After all the angst and heartbreak about the Indian tour, it's about time the South African cricket-loving public had some good news. By KEN BORLAND.
With the height of the summer’s cricket action about to take centre stage, there is certainly a sense of excitement building. But the question of what will fill the chasm left by India’s abbreviated visit has been a vexing one.
Pakistan’s players are here at the moment, and they form a team that boasts some exciting individual talent even if, as a team, they are struggling to get the better of South Africa.
But both Pakistan and India will be long gone by the time the new year arrives and the prime cricket-watching period was deliberately left empty by the awful machinations of the Board of Control for Cricket in India (BCCI).
Newlands in Cape Town felt the major cut as there is no longer a New Year’s Test, usually the best-supported event of the entire summer.
But the smell of charred meat and the hum of contented, often beer-fuelled conversations under the oaks beneath Table Mountain look set to once again stimulate the senses as there is talk of a festival of cricket to be played in Cape Town from 3 – 5 January.
It will be T20 cricket rather than a Test match, but surely even lovers of ballroom dancing can appreciate a sexy rumba at times?
I’ve been told the festival will kick off on the Friday night with a T20 match between the Proteas and the Springbok rugby team, but the cricket will get more serious thereafter with a North v South challenge on the Saturday. That match will be played under “state of origin” rules, so someone like Graeme Smith, born in Johannesburg, will have to play for the North, while Lonwabo Tsotsobe will have to play for the South, even though he is a Highveld Lions player, because he was born in Port Elizabeth.
The national selectors will apparently choose 20-man squads and then the public will vote to decide the starting XIs.
The carnival of cricket will finish on the Sunday with all six franchises playing as they launch the RamSlam T20 Challenge that starts on 8 January.
Necessity is the mother of invention and all that, and it seems the brains trust at Cricket South Africa may have stumbled upon a winner in the quest to fill the void left by India’s disgraceful actions.
The weekend of cricket will not only be a winner for the passionate Cape Town supporters (and all those down on holiday), but it will also provide the national team players with another opportunity to prepare for the ICC World T20 in April, and it also allows the selectors and coaching staff to run the rule over all the players in contention for the squad.
There has been no further news on the ridiculous charges brought against CSA chief executive Haroon Lorgat, but then the nature of the ICC ensures that their wheels of alleged justice turn very slowly.
Apparently the ICC are yet to provide any terms of reference for the investigation into Lorgat’s behaviour, which centres on the rash statement released by former ICC legal head David Becker.
Although the contents of the statement obviously ring true, it’s timing could not have been worse and it blew any last chance of saving the full-length Indian tour right out of the water.
Lorgat desperately tried to ensure the statement never saw the light of day, so to allege he was somehow involved in drafting it makes no sense whatsoever.
While the BCCI have continued to disgrace themselves by taking cheap shots at CSA, it has taken a human being as special as Anil Kumble, who was delivering the M.A.K. Pataudi Memorial Lecture, to speak truth to power in India.
The lecture was hosted by the BCCI and tyrannical president Narayanaswami Srinivasan was in attendance. Whether the words of one of his (former?) allies made any impression, we may never know, but Kumble said:
“There has been a shift in the balance of power. It is extremely important that we wear our power lightly and make contributions that are worthy of emulation, because cricket has to be above every other consideration … It is ironic that the rest of the cricketing world has accepted India’s lead role rather more easily and with greater pragmatism than India have.
“Notwithstanding the position of pre-eminence we enjoy both on and off the field, it is extremely important for us to demonstrate leadership with responsibility,” he said. “Traditionally, our leadership style has relied less on belligerence and more on driving consensus. It is important that the development of cricket and its popularity among its member nations are protected and nurtured.”
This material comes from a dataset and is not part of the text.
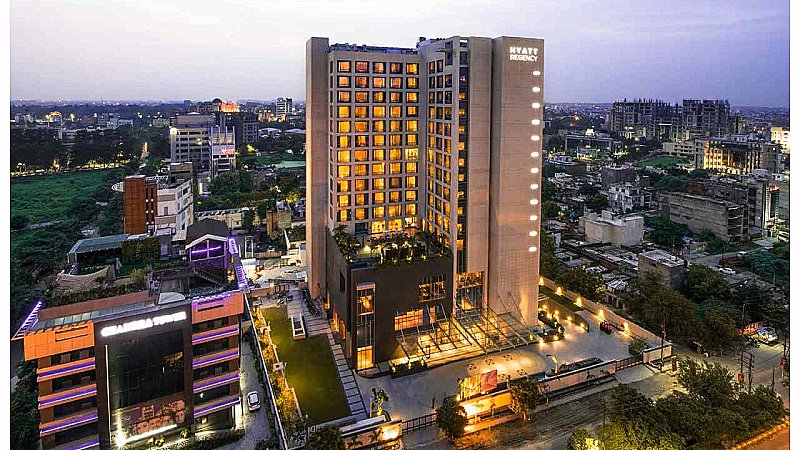 Lucknow Hotel Booking: लखनऊ में बहुत महंगा हुआ होटल रूम, होने वाले वनडे विश्वकप को लेकर दिखने लगा क्रेज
Lorgat is the type of character who will fight for his rights when it comes to the ICC investigation against him and Srinivasan’s push to have him punished might just backfire because the evidence could well highlight his own abuse of the game.
It seems there are many people, even in India, who have had enough of the notorious businessman feeding off the game. DM
Photo: International Cricket Council (ICC) Chief Executive Haroon Lorgat speaks during a news conference at National stadium in Karachi August 12, 2008. REUTERS/Athar Hussain.
Watermelons were originally cultivated in Africa.